*** Given data ***

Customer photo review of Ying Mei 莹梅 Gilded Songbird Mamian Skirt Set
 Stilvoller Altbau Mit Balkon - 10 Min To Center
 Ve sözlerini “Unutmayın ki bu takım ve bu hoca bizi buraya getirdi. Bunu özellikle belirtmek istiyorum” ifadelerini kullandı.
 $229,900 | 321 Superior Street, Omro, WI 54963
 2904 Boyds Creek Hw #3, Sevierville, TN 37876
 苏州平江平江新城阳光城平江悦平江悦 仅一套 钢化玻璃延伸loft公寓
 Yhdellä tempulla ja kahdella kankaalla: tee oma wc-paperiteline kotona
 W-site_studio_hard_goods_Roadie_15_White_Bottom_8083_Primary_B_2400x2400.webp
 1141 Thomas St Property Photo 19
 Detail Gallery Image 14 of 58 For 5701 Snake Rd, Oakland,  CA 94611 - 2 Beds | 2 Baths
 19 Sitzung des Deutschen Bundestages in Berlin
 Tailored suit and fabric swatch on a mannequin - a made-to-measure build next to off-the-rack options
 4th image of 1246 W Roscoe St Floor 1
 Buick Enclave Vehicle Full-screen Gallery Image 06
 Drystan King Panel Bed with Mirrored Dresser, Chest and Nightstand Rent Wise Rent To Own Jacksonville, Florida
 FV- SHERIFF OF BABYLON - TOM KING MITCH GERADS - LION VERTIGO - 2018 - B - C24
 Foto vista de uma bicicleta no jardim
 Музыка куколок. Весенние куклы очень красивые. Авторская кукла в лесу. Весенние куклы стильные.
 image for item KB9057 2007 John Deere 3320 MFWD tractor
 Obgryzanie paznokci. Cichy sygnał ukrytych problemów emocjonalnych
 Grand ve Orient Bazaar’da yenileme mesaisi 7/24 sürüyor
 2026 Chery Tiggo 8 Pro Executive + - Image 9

***

Required work: Each line of the listing has to be reproduced exactly.

Your response:
Customer photo review of Ying Mei 莹梅 Gilded Songbird Mamian Skirt Set
 Stilvoller Altbau Mit Balkon - 10 Min To Center
 Ve sözlerini “Unutmayın ki bu takım ve bu hoca bizi buraya getirdi. Bunu özellikle belirtmek istiyorum” ifadelerini kullandı.
 $229,900 | 321 Superior Street, Omro, WI 54963
 2904 Boyds Creek Hw #3, Sevierville, TN 37876
 苏州平江平江新城阳光城平江悦平江悦 仅一套 钢化玻璃延伸loft公寓
 Yhdellä tempulla ja kahdella kankaalla: tee oma wc-paperiteline kotona
 W-site_studio_hard_goods_Roadie_15_White_Bottom_8083_Primary_B_2400x2400.webp
 1141 Thomas St Property Photo 19
 Detail Gallery Image 14 of 58 For 5701 Snake Rd, Oakland,  CA 94611 - 2 Beds | 2 Baths
 19 Sitzung des Deutschen Bundestages in Berlin
 Tailored suit and fabric swatch on a mannequin - a made-to-measure build next to off-the-rack options
 4th image of 1246 W Roscoe St Floor 1
 Buick Enclave Vehicle Full-screen Gallery Image 06
 Drystan King Panel Bed with Mirrored Dresser, Chest and Nightstand Rent Wise Rent To Own Jacksonville, Florida
 FV- SHERIFF OF BABYLON - TOM KING MITCH GERADS - LION VERTIGO - 2018 - B - C24
 Foto vista de uma bicicleta no jardim
 Музыка куколок. Весенние куклы очень красивые. Авторская кукла в лесу. Весенние куклы стильные.
 image for item KB9057 2007 John Deere 3320 MFWD tractor
 Obgryzanie paznokci. Cichy sygnał ukrytych problemów emocjonalnych
 Grand ve Orient Bazaar’da yenileme mesaisi 7/24 sürüyor
 2026 Chery Tiggo 8 Pro Executive + - Image 9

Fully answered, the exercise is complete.